Nigdy więcej błędu 404! Dzięki Mozilli strony WWW będą zawsze dostępne
07.08.2016 22:33, aktual.: 10.03.2022 09:34
Zalogowani mogą więcej
Możesz zapisać ten artykuł na później. Znajdziesz go potem na swoim koncie użytkownika
Błąd 404 pojawia się, gdy chcemy odwiedzić nieistniejącą stronę. Mozilla ma pomysł na rozwiązanie tego problemu.
Przyczyna błędów 404
Skąd biorą się błędy 404? Zazwyczaj przeglądarka internetowa wyświetla nam taki komunikat, gdy wpiszemy zły adres albo klikniemy w nieaktywny link, odwołujący się do strony, której nie ma na serwerze. No cóż – Internet jest jak żywy organizm. Ciągle coś się w nim zmienia, jedne serwisy pojawiają się, inne znikają albo zmieniają swoją zawartość.
W rezultacie stare linki często prowadzą nas na manowce. Pół biedy, gdy twórcy serwisu przewidzieli taką możliwość i przygotowali zabawne strony błędu 404. Jeśli mieli na taką stronę dobry pomysł, to użytkownik nie dość, że znajdzie powód do uśmiechu, to przy okazji być może z jej pomocą trafi tam, gdzie początkowo zamierzał. Gorzej, gdy odwiedzany przez nas serwis całkiem znikł z Sieci.
Nigdy więcej błędu 404!
Twórcy przeglądarki Mozilla dostrzegli ten problem i postanowili mu zaradzić, rozpoczynając projekt o wiele obiecującej nazwie „No More 404s”. O co w nim chodzi?
Pomysł Mozilli jest w gruncie rzeczy dość banalny, co nie znaczy, że głupi.
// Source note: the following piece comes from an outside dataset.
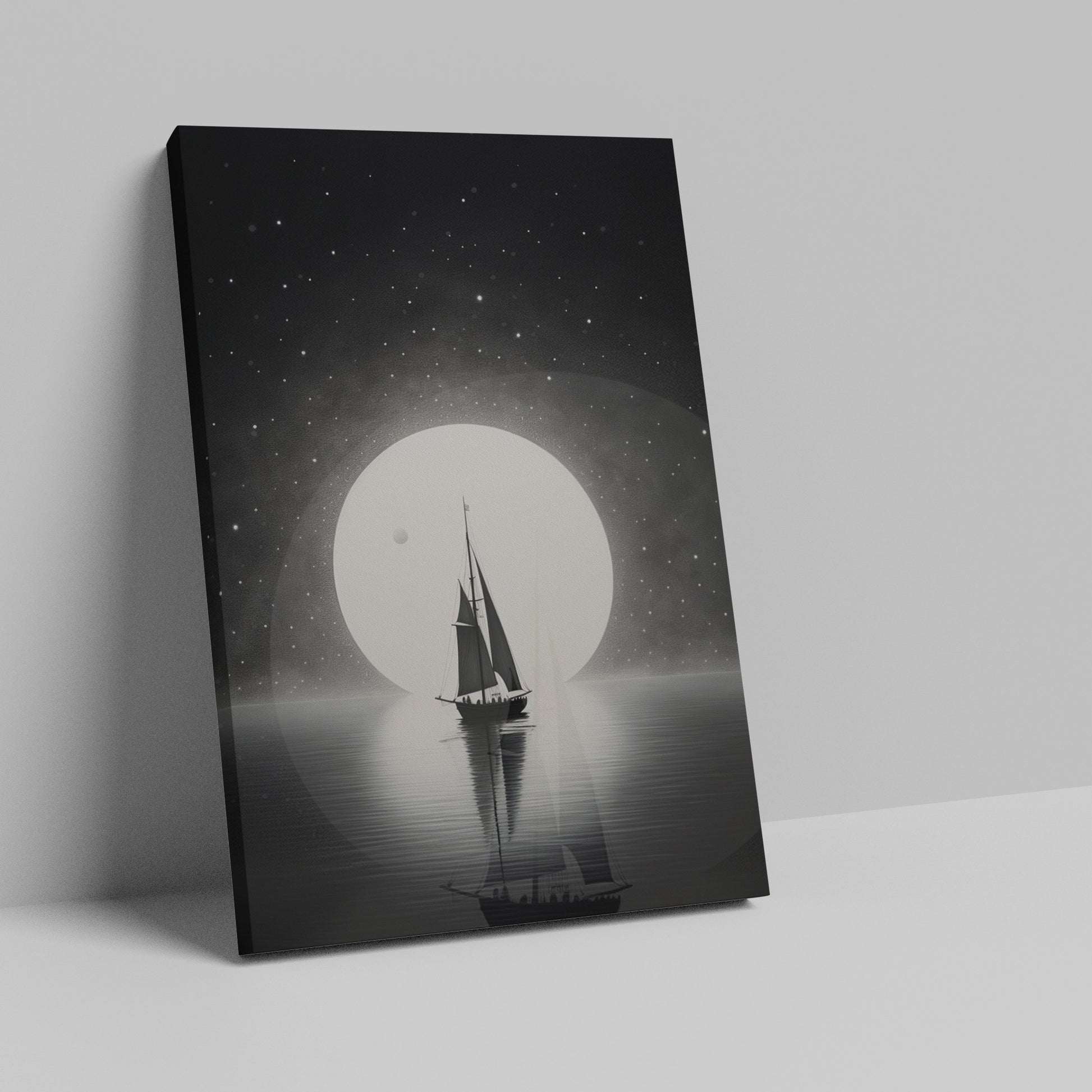 Framed canvas print of a sailboat silhouette against a large moon and starry sky in monochrome tones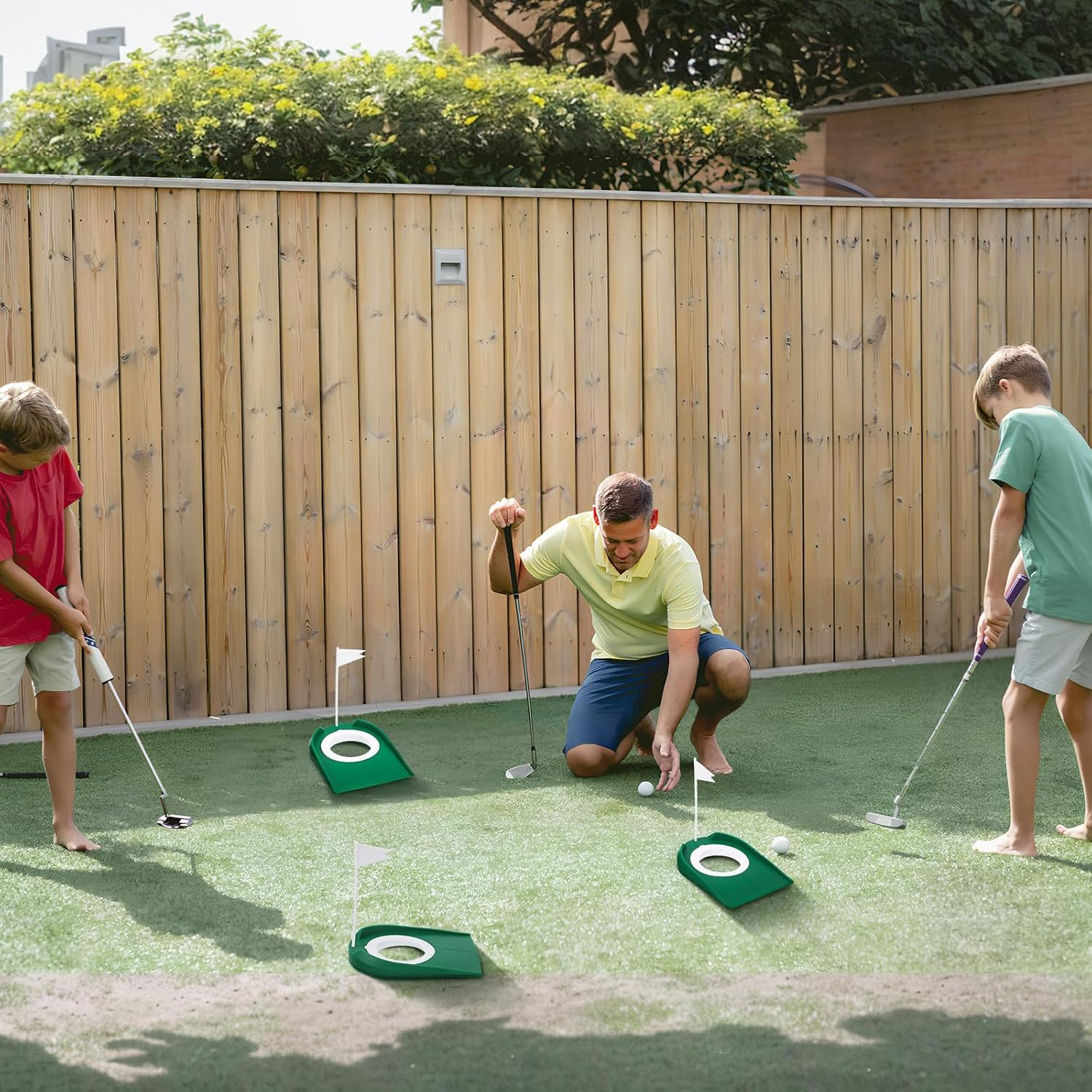 Baluue Golf Putter Plate with Flag - Indoor Practice Putting Cup for Golf Training 2Pcs Set image number 2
Twórcy przeglądarki nawiązali bowiem współpracę z serwisem Archive.org, gromadzącym stare wersje wielu różnych stron. To właśnie tam możemy sprawdzić, jak wyglądały stare strony WWW.
Archiwum Internetu
W Archive.org trafimy również na strony, których już nie ma w Internecie. I właśnie to postanowiła wykorzystać Mozilla, wdrażając odpowiednie rozwiązanie na platformie Test Pilot. To przywrócona po długiej przerwie inicjatywa Mozilli, pozwalająca testować nowe, eksperymentalne funkcje przeglądarki.
No More 404s zakłada, że gdy korzystając z Mozilli trafimy na nieistniejący serwis, to przeglądarka spróbuje wczytać jego ostatnią, dostępną online wersję z serwerów Archive.org.
Choć zapewne nie dla każdego adresu uda się znaleźć kopię, to zaproponowane przez Mozillę rozwiązanie wydaje się genialne w swojej prostocie. Dziwne, że twórcy wiodących przeglądarek nie wpadli na to wcześniej.